__What is needed__
Please output each line of the data exactly as it appears.

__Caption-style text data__
—————

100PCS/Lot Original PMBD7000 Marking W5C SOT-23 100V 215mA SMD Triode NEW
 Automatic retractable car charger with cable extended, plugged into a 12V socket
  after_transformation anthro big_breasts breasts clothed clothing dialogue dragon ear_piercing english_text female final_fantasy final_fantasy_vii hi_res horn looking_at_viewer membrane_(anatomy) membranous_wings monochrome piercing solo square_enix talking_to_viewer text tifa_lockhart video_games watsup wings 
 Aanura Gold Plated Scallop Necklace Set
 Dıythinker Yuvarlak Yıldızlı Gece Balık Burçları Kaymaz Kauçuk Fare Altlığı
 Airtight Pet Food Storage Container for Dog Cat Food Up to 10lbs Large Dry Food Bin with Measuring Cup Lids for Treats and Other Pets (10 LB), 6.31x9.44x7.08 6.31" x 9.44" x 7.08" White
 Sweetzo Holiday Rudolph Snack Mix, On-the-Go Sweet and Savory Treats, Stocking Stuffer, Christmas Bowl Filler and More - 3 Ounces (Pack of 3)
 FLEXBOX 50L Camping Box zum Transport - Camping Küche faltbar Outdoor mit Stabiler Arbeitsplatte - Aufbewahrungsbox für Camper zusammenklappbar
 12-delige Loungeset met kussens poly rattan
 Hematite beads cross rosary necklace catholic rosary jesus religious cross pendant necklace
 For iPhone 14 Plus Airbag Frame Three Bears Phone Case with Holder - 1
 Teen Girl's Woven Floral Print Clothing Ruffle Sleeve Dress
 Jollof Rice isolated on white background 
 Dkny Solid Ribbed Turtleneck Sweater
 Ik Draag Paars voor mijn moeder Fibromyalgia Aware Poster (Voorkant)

—————

__Solution below__
100PCS/Lot Original PMBD7000 Marking W5C SOT-23 100V 215mA SMD Triode NEW
 Automatic retractable car charger with cable extended, plugged into a 12V socket
  after_transformation anthro big_breasts breasts clothed clothing dialogue dragon ear_piercing english_text female final_fantasy final_fantasy_vii hi_res horn looking_at_viewer membrane_(anatomy) membranous_wings monochrome piercing solo square_enix talking_to_viewer text tifa_lockhart video_games watsup wings 
 Aanura Gold Plated Scallop Necklace Set
 Dıythinker Yuvarlak Yıldızlı Gece Balık Burçları Kaymaz Kauçuk Fare Altlığı
 Airtight Pet Food Storage Container for Dog Cat Food Up to 10lbs Large Dry Food Bin with Measuring Cup Lids for Treats and Other Pets (10 LB), 6.31x9.44x7.08 6.31" x 9.44" x 7.08" White
 Sweetzo Holiday Rudolph Snack Mix, On-the-Go Sweet and Savory Treats, Stocking Stuffer, Christmas Bowl Filler and More - 3 Ounces (Pack of 3)
 FLEXBOX 50L Camping Box zum Transport - Camping Küche faltbar Outdoor mit Stabiler Arbeitsplatte - Aufbewahrungsbox für Camper zusammenklappbar
 12-delige Loungeset met kussens poly rattan
 Hematite beads cross rosary necklace catholic rosary jesus religious cross pendant necklace
 For iPhone 14 Plus Airbag Frame Three Bears Phone Case with Holder - 1
 Teen Girl's Woven Floral Print Clothing Ruffle Sleeve Dress
 Jollof Rice isolated on white background 
 Dkny Solid Ribbed Turtleneck Sweater
 Ik Draag Paars voor mijn moeder Fibromyalgia Aware Poster (Voorkant)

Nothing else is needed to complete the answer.